Т. Троцкий был запрошен также по этому поводу, он ответил, что воздерживается, так как не имеет всех материалов.

Таким образом, расхождение было такое. Мы с Бухариным говорили: поздравляем с этим шагом, сугубо поддерживаем это начало новой главы. Радек обвинял нас, что мы толкаем на июльскую бойню, на новые поражения. Радек вносил предложение об отмене фашистского дня; Т. Троцкий воздерживается. Я не для упрека это привожу. Ошибаться можно, но нельзя же потом прийти и бить нам челом нашим же добром и говорить, что если бы мы были готовы немножечко раньше, то дело пошло бы лучше. Мы-тo догадались, а вы и т. Радек не догадались. Зачем же с больной головы на здоровую валить? Или когда говорят, что вначале рурского кризиса, дескать, вопрос решался, тогда нужно было видеть, что начинается новая глава! Опять с больной головы на здоровую! В Коминтерне состоялись две международные конференции в связи с Руром — одна в Эссене, другая во Франкфурте. Обе эти конференции мы рассматриваем как начало новой главы.
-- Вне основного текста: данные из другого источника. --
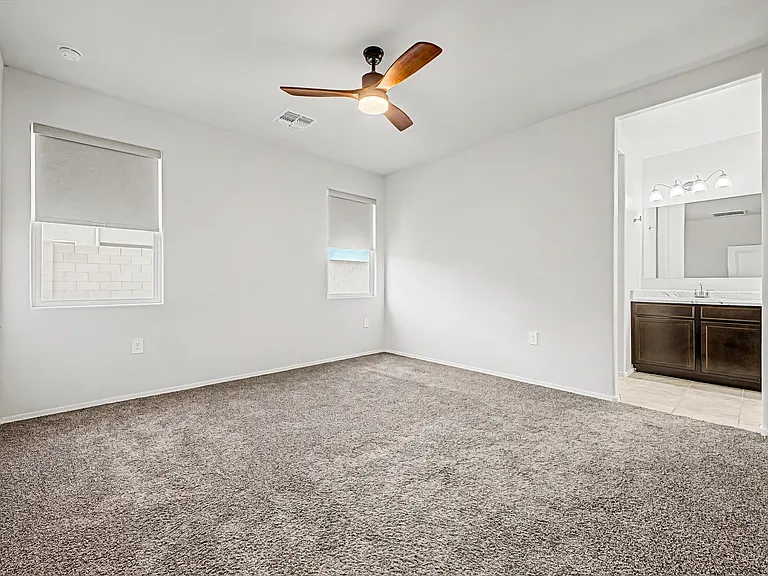 1302 W Raymond Ave — Photo 17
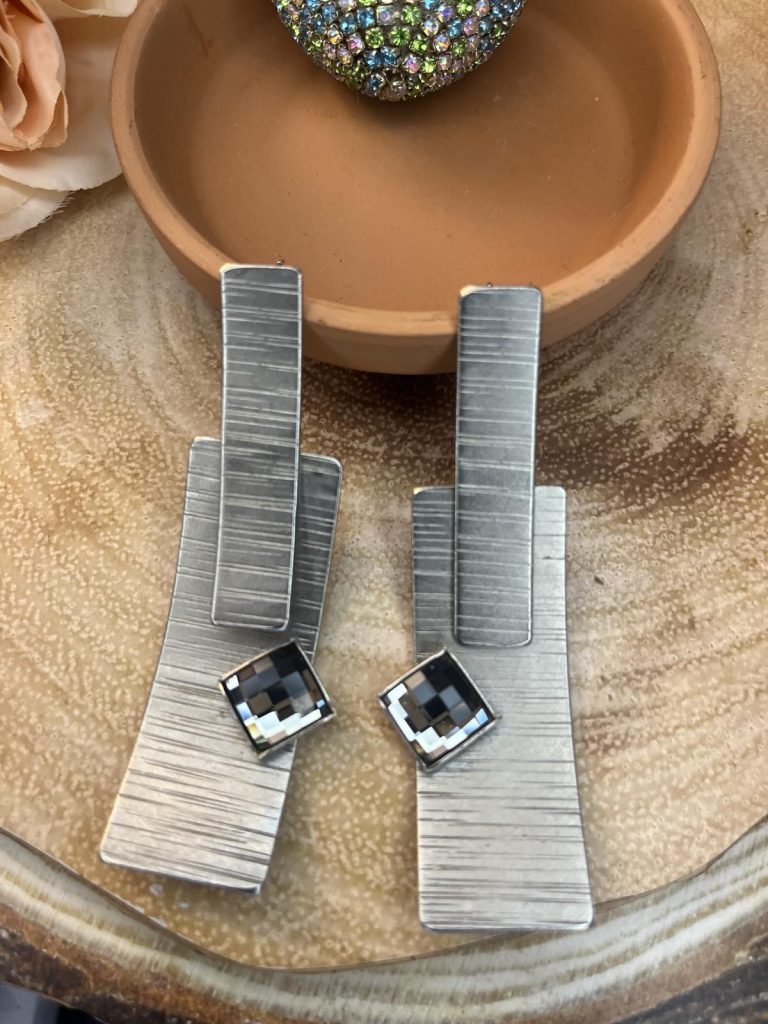 ✨ UShine.gr: Χειροποίητα statement σκουλαρίκια με τετράγωνη κρυστάλλινη λεπτομέρεια No 1274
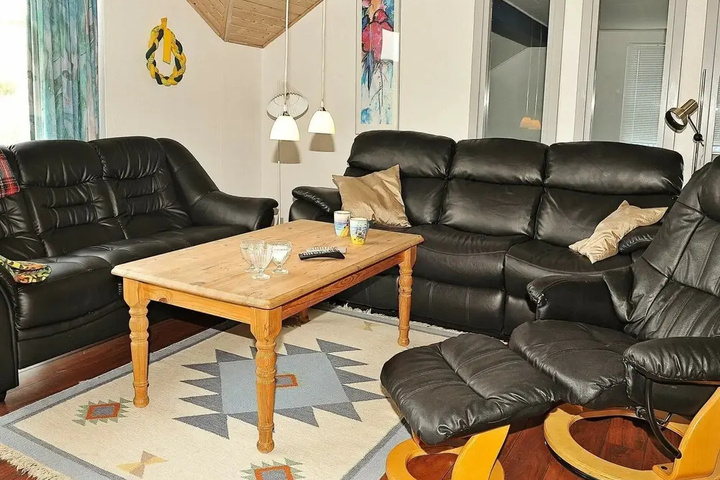 Room 9 of 20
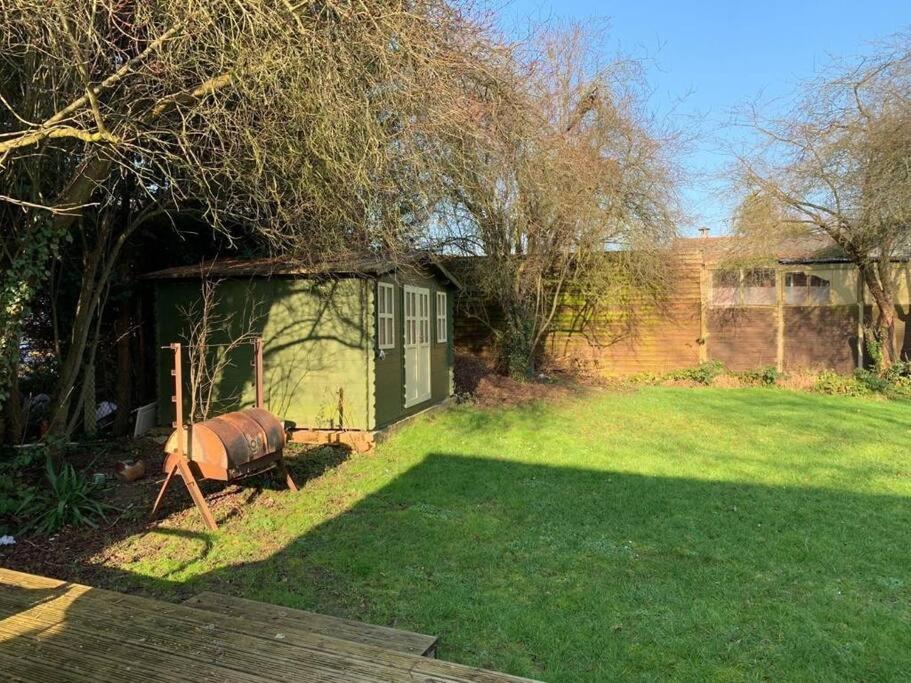 River Cabin Retreat Shepperton Dış mekan fotoğraf
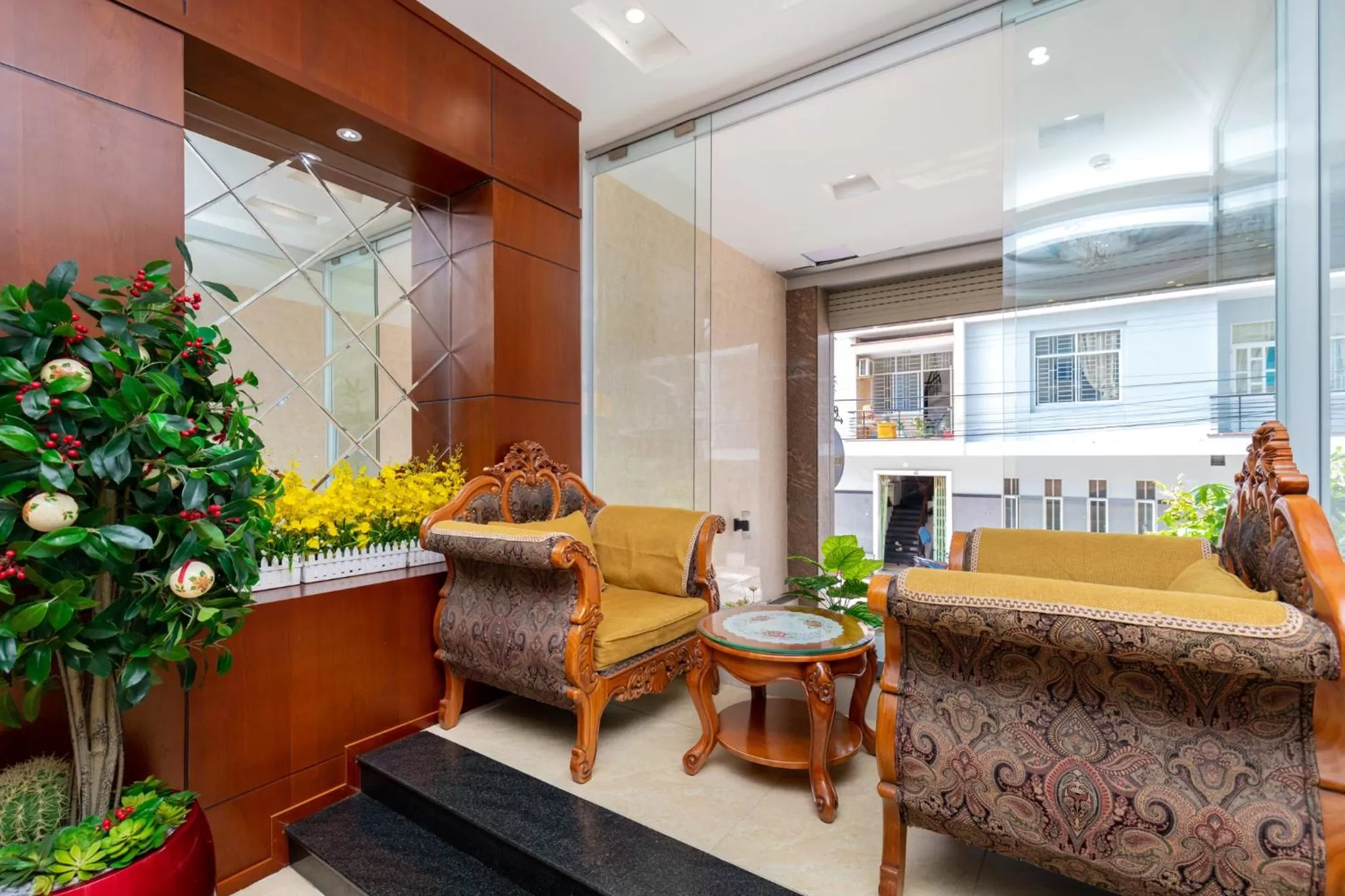 Communal lounge/ TV room in Queen Garden Hotel & Apartment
Исполком Коминтерна в связи с этим принял целый ряд мероприятий. Почему т. Троцкий для объективности не отметил в своей брошюре, что т. Радек, который был больше всего знаком с этим движением, считался самым большим знатоком его и действительно больше всего в нем работал, что он ошибся больше всех, что он держал партию за фалды, когда нужно было ее звать в бой, а не держать за фалды? Вот как, товарищи, распределялись действительно взгляды на этот вопрос у нас.